Si la promotion du livre et de la lecture est au cœur de nos priorités, nous n’oublions pas les autres défis, nombreux, auxquels l’édition de livres doit faire face.

Les multiples pénuries et hausses des prix des matières premières, du papier, des encres, des colles, de l’énergie, des transports ont déjà aujourd’hui et continueront à avoir demain un impact direct sur notre industrie.

On observe aussi l’émergence des modèles de commercialisation innovants, la montée en puissance d’une nouvelle forme « d’autoédition » et l’on voit des auteurs à succès créer leur propre maison…

De tout cela nous devons tenir compte et veiller à préserver nos modèles et les fondamentaux de notre métier.

  • Continuer à défendre et promouvoir le Droit d’auteur à l’échelle française, européenne ou internationale.

Le droit d’auteur fait toujours l’objet de pressions visant à son affaiblissement.
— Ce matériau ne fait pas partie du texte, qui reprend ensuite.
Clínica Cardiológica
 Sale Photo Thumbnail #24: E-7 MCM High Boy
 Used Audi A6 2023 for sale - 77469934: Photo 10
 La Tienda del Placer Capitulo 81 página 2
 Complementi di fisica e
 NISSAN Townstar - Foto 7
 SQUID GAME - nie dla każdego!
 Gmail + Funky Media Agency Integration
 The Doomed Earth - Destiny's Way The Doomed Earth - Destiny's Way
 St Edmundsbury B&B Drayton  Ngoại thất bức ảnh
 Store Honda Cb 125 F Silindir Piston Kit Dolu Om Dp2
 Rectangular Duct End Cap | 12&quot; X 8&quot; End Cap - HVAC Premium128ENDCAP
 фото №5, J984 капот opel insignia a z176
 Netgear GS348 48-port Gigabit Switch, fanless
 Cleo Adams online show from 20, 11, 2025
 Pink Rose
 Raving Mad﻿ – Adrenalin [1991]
La gratuité, les exceptions sont souvent présentées comme des solutions face au manque de budget des Bibliothèques, en France, au niveau européen, au sein de l’OMPI…

  • Continuer à défendre et promouvoir notre métier d’éditeur et le modèle économique et juridique de l’édition.

Editeurs et auteurs, dans le respect du contrat qui les unit, sont le socle de la filière du livre et l’économie du livre repose sur le succès des ouvrages publiés ! C’est une réalité très concrète. L’économie du succès est notre modèle économique ; un modèle que certains représentants des auteurs en France voudraient remettre en question, en instaurant notamment, tous secteurs éditoriaux confondus, une rémunération minimum garantie non compensable et non remboursable, contrepartie au transfert de droit ou à l’acte de création. Au risque de déstabiliser tous les acteurs de la chaîne du livre et d’administrer la création. Au détriment in fine de la diversité éditoriale.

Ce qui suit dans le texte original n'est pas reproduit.